My wife has a week off which corrisponds with my week off around the middle of March and she wants to go ATVing. Hay, you have to do what Momma says, right? :roll: At least she is not talking about California or New York. Some options that have been discussed are Mesquite, far Southern Utah ( Sand Mountain, Coral Pink Sandunes, Honeymoon trail, etc.) but we would really like to go to Costo Canyon and the Pansagant Plateau. But I am a little hesitant about that area this year. Any of you folks from the south have a guestamate of the snow conditions in that area in mid March? Thanks.


----------



## Huge29 (Sep 17, 2007)

The San Rafael Swell would usually be possibility that time of year, but who knows this year???


----------



## orvis1 (Sep 7, 2007)

Head to the logandale trail system, you can gamble in mesquite and have a great time, I am jealous!


----------



## proutdoors (Sep 24, 2007)

campfire said:


> My wife has a week off which corrisponds with my week off around the middle of March and she wants to go ATVing. Hay, you have to do what Momma says, right? :roll: At least she is not talking about California or New York. Some options that have been discussed are Mesquite, far Southern Utah ( Sand Mountain, Coral Pink Sandunes, Honeymoon trail, etc.) but we would really like to go to *Costo Canyon* and the Pansagant Plateau. But I am a little hesitant about that area this year. Any of you folks from the south have a guestamate of the snow conditions in that area in mid March? Thanks.


Do you mean Casto Canyon near Panguitch? If so, the snow is pretty deep. Just try and avoid areas with deer struggling PLEASE!


----------



## campfire (Sep 9, 2007)

proutdoors said:


> campfire said:
> 
> 
> > My wife has a week off which corrisponds with my week off around the middle of March and she wants to go ATVing. Hay, you have to do what Momma says, right? :roll: At least she is not talking about California or New York. Some options that have been discussed are Mesquite, far Southern Utah ( Sand Mountain, Coral Pink Sandunes, Honeymoon trail, etc.) but we would really like to go to *Costo Canyon* and the Pansagant Plateau. But I am a little hesitant about that area this year. Any of you folks from the south have a guestamate of the snow conditions in that area in mid March? Thanks.
> ...


That is kind of what I thought. And I wouldn't dream of harassing deer with an ATV or even taking it off the trail!!!!!!!!!


----------



## campfire (Sep 9, 2007)

orvis1 said:


> Head to the logandale trail system, you can gamble in mesquite and have a great time, I am jealous!
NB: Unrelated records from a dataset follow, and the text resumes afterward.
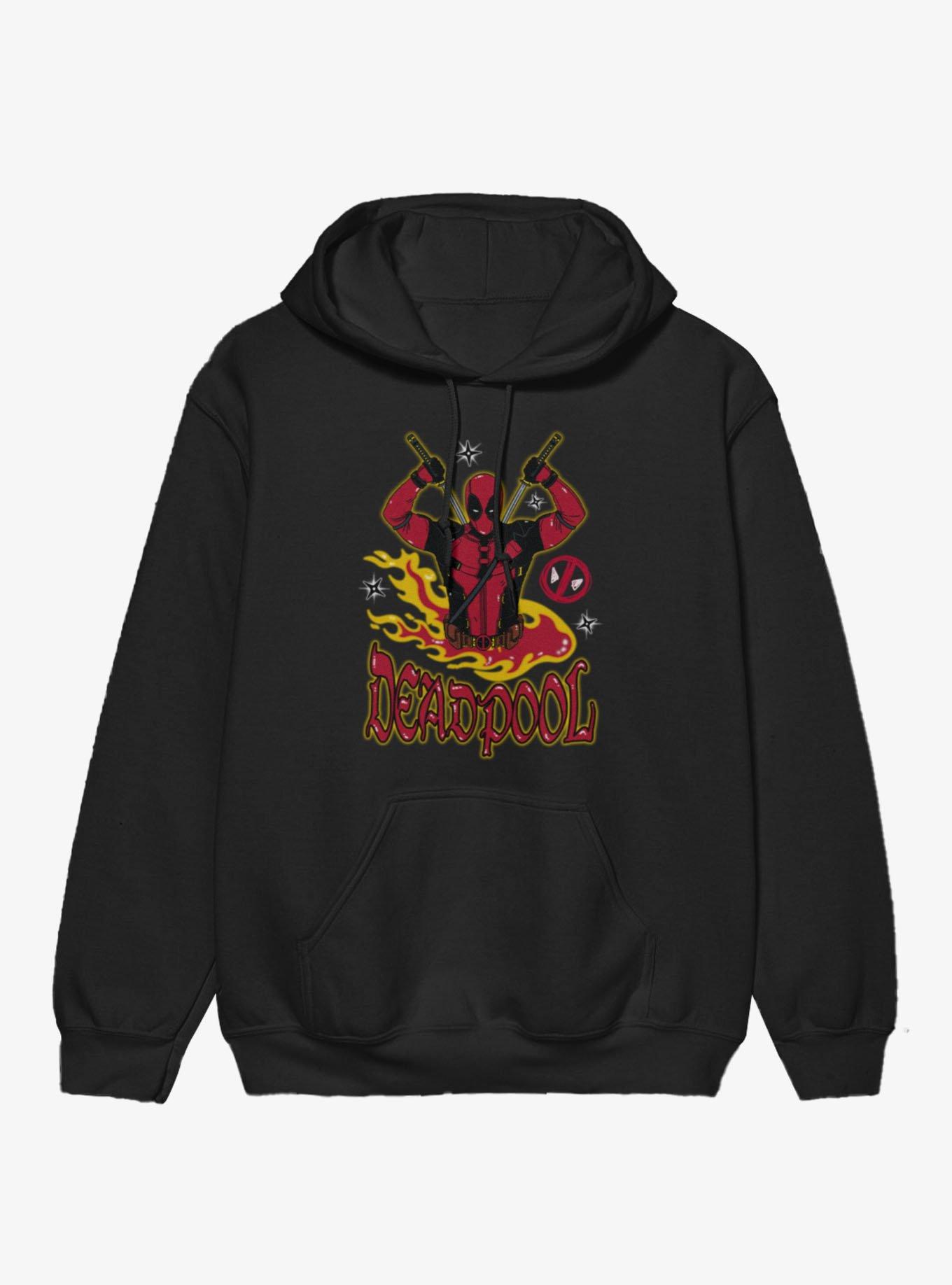 Marvel Deadpool 3 Fire Hoodie Hot Topic Exclusive, , hi-res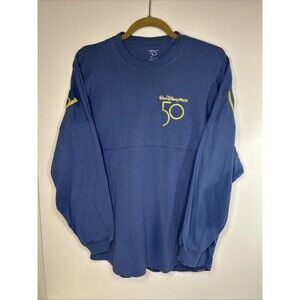 Walt Disney World 50th Anniversary Spirit Jersey Shirt Blue Gold Mickey Xsmall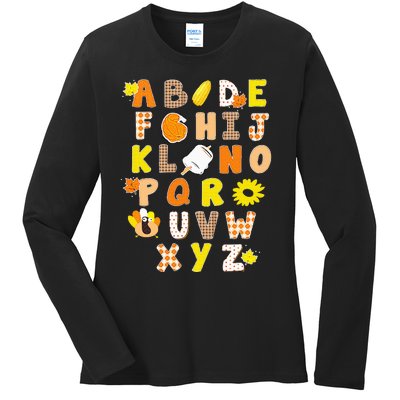 Alphabet Funny Turkey Thanksgiving Costume Preschool Teacher Ladies Long Sleeve Shirt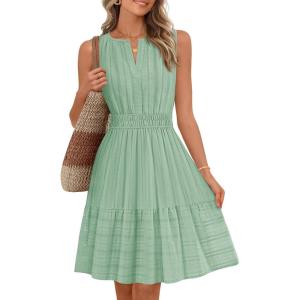 MEROKEETY Women’s 2026 Summer Casual Mini Sundress Beach Vacation Sleeveless V Neck Flowy A Line Dress with Pockets(Seagrass)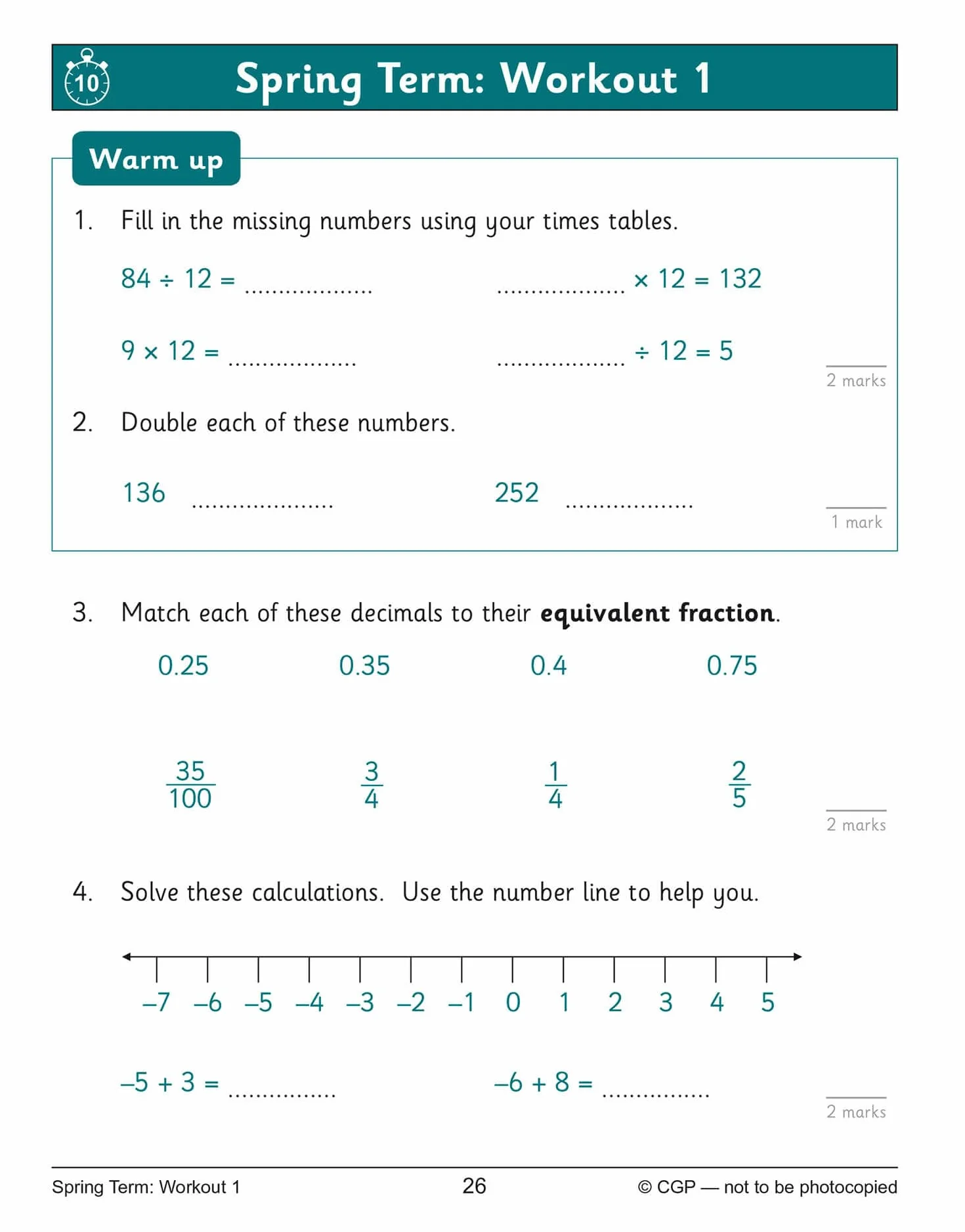 KS2 Year 5 Maths 10-Minute Weekly Workouts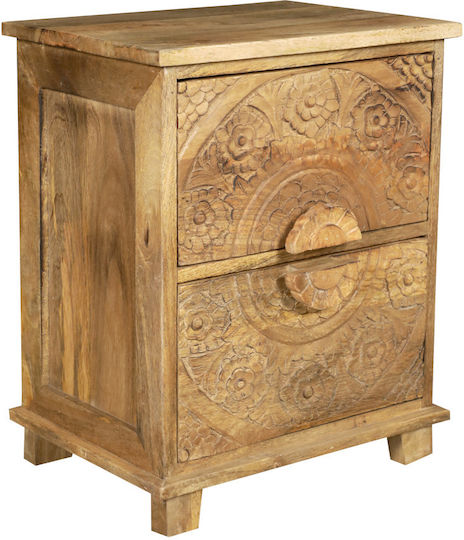 Bali Wooden Beige Bedside Table 40x32x51cm Bali Wooden Beige Bedside Table 40x32x51cm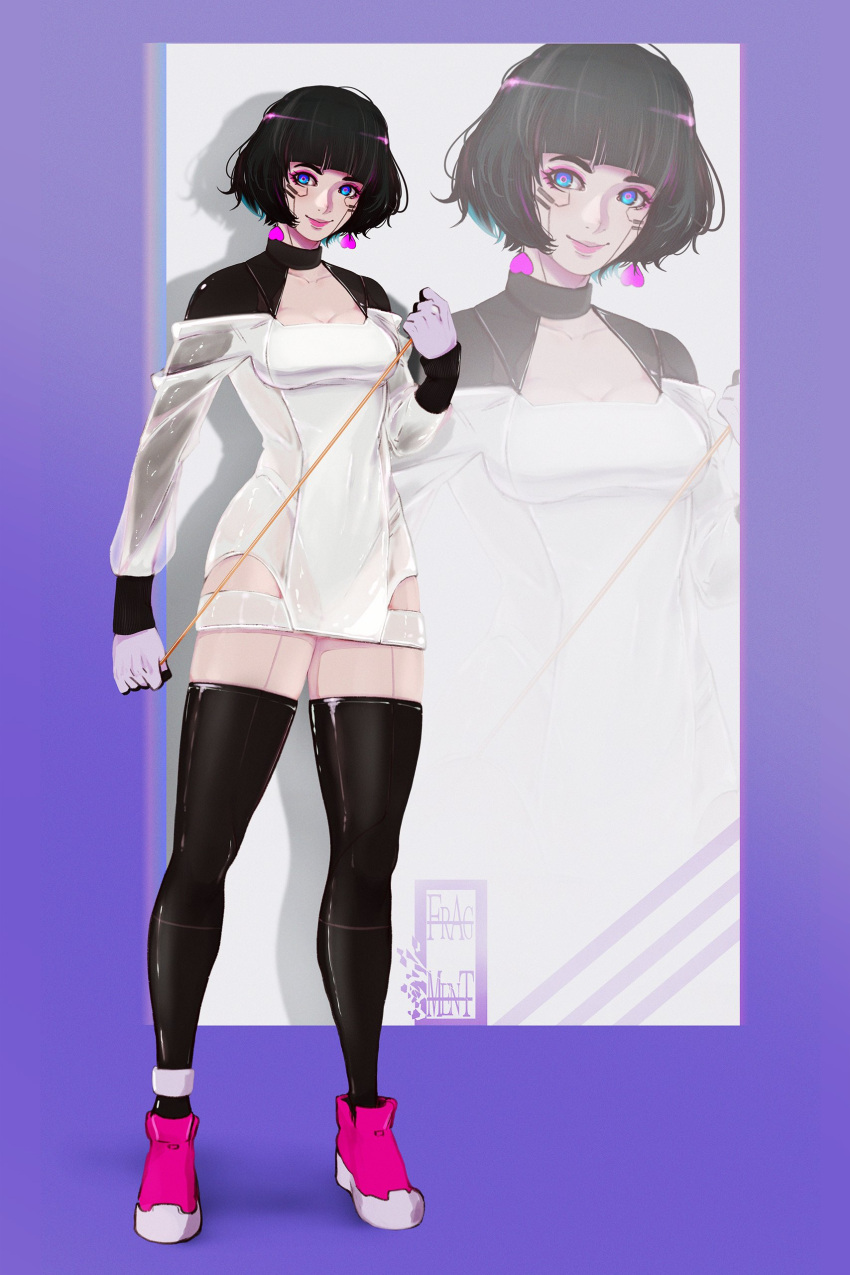 1girl, absurdres, bangs, black_thighhighs, blue_eyes, blunt_bangs, bob_cut, breasts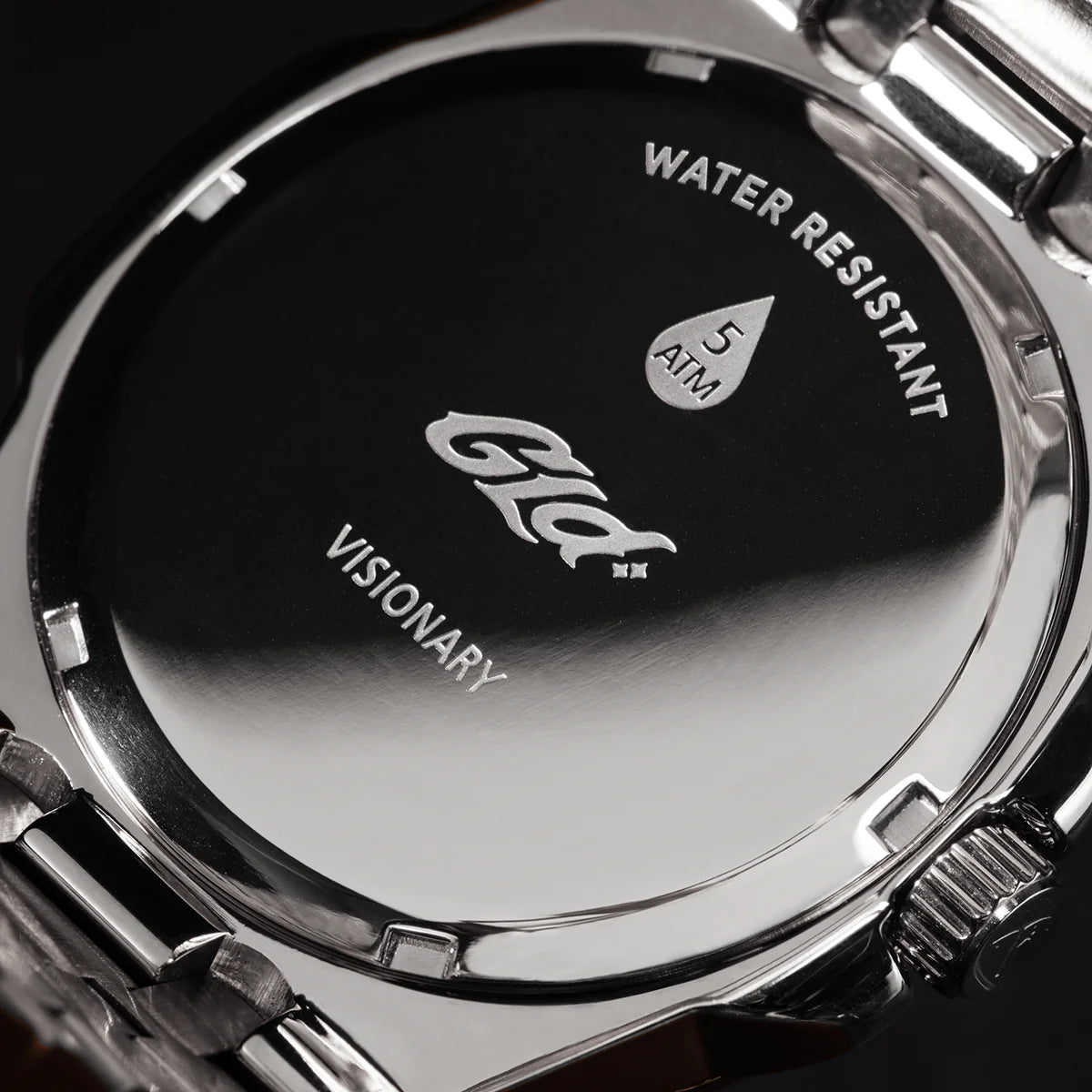 39MM Visionary Fully Iced Case & Orange Dial Watch - White Gold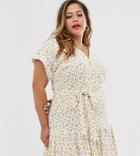 Asos Design Curve Midi Button Through Belted Tea Dress In Ditsy Floral-multi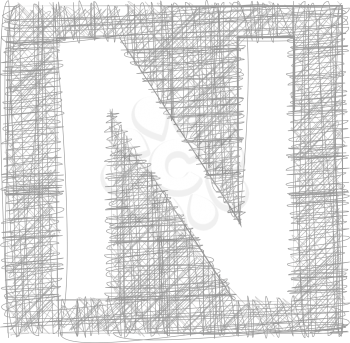 Freehand Typography Letter N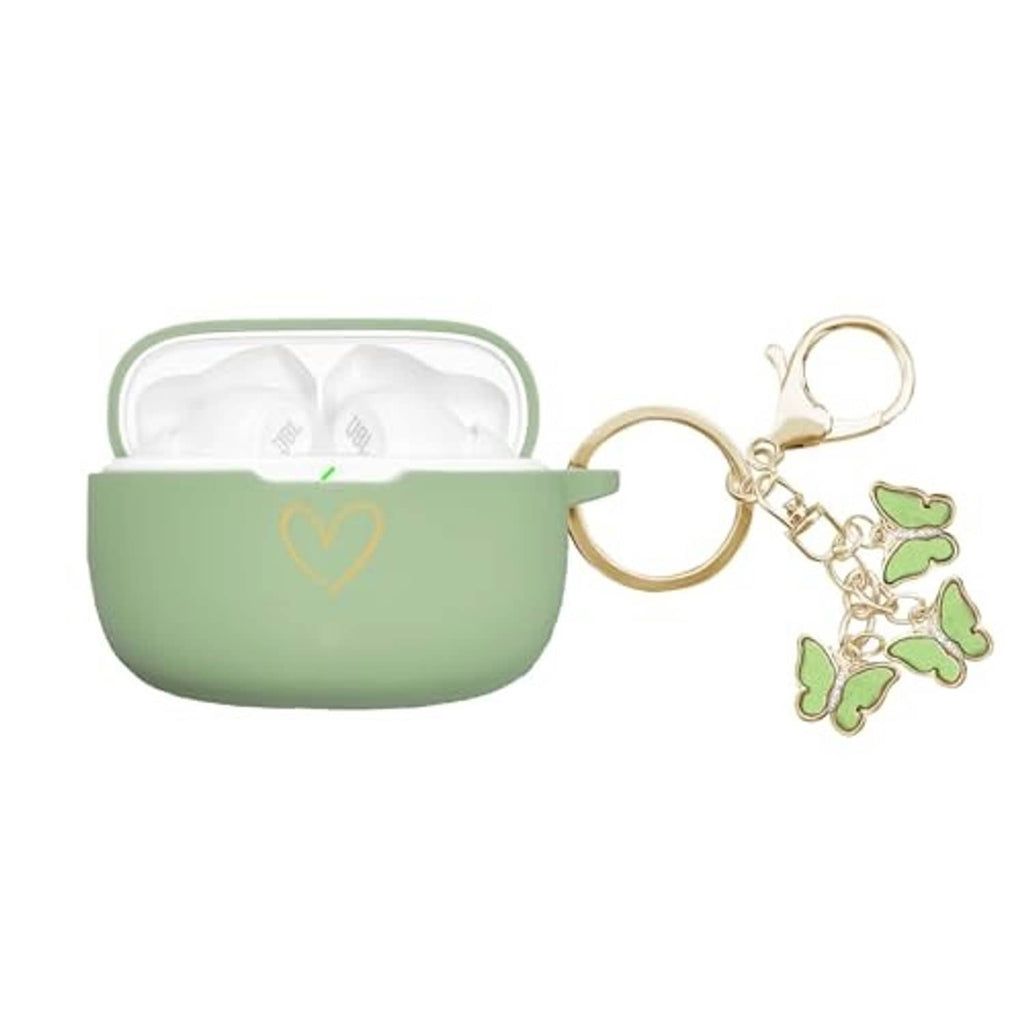 Matcha green silicone earbud case cover with key ring and green butterfly charm set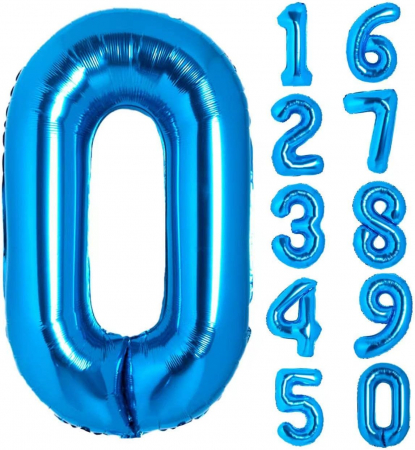 Cifre și Litere - Balon Folie Cifra 0 Albastru 86cm cu Heliu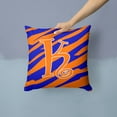 thumbnail image 2 of Letter K Initial Tiger Stripe Blue and Orange Fabric Decorative Pillow, 2 of 4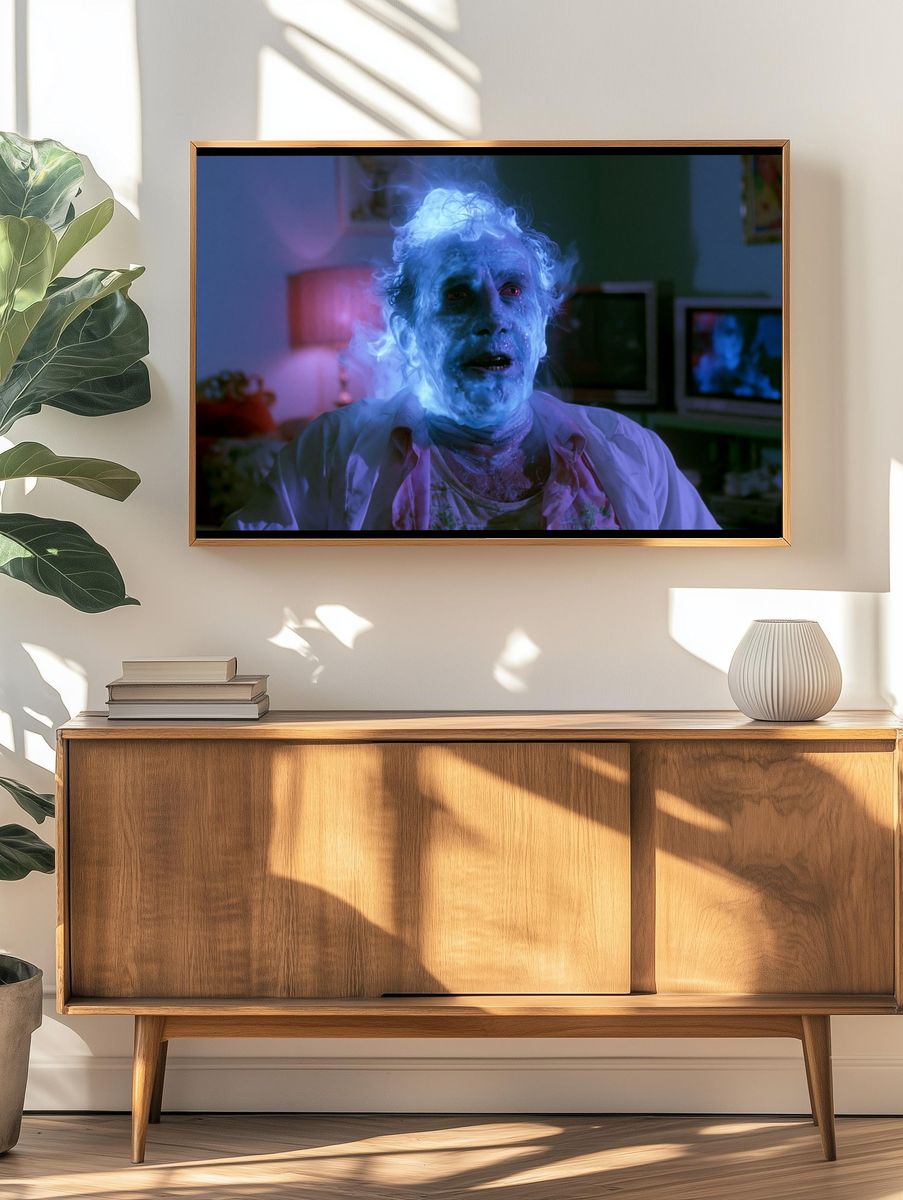 Ghostly Blue Portrait Horror Print. — room view 3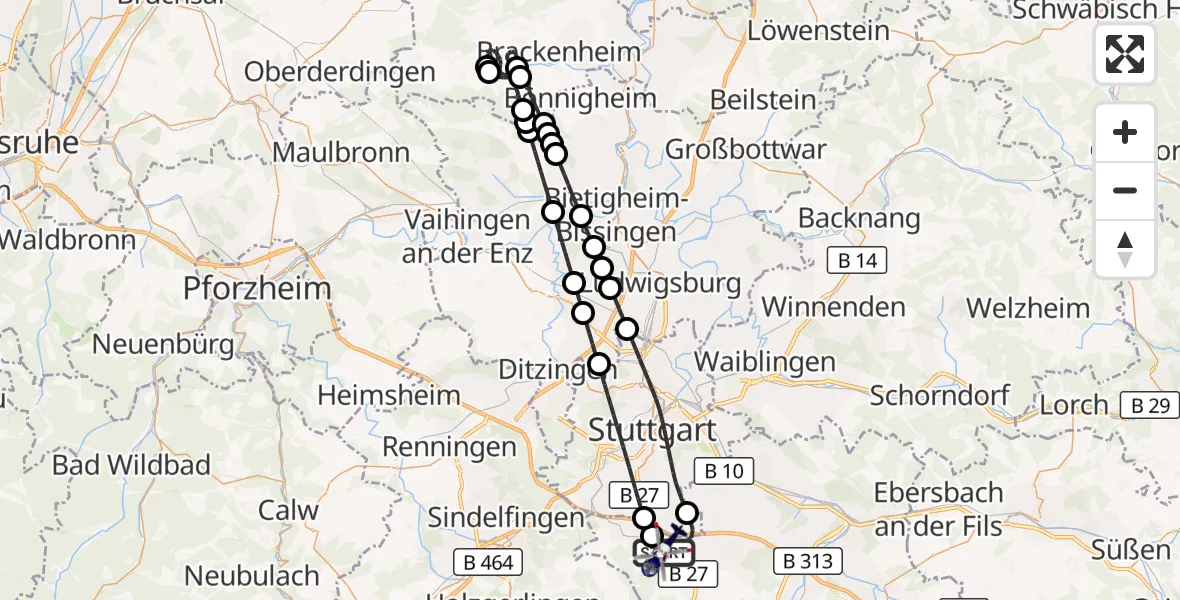 Flugroute Polizeihubschrauber Flughafen Stuttgart - Flughafen Stuttgart, 08 September 2026, 02:01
That is one of the options we are considering but we have been there a few times and It is not so big that we havn't seen most of it.


----------



## campfire (Sep 9, 2007)

Huge29 said:


> The San Rafael Swell would usually be possibility that time of year, but who knows this year???


That is actually a really good suggestion. We have been there from the Emery County side but I think there might be some better trails from the I 70 side. I will put it in the hat. But I am kind of leaning toward Sand Mountain so I can take my float tube along.


----------



## Huge29 (Sep 17, 2007)

campfire said:


> Huge29 said:
> 
> 
> > The San Rafael Swell would usually be possibility that time of year, but who knows this year???
> ...


On that same note; take the float tube off of Black Dragon from I-70 up to Black Box and float down the spring run off; an experience never to be forgotten; j/k that would be a brutal and deadly one.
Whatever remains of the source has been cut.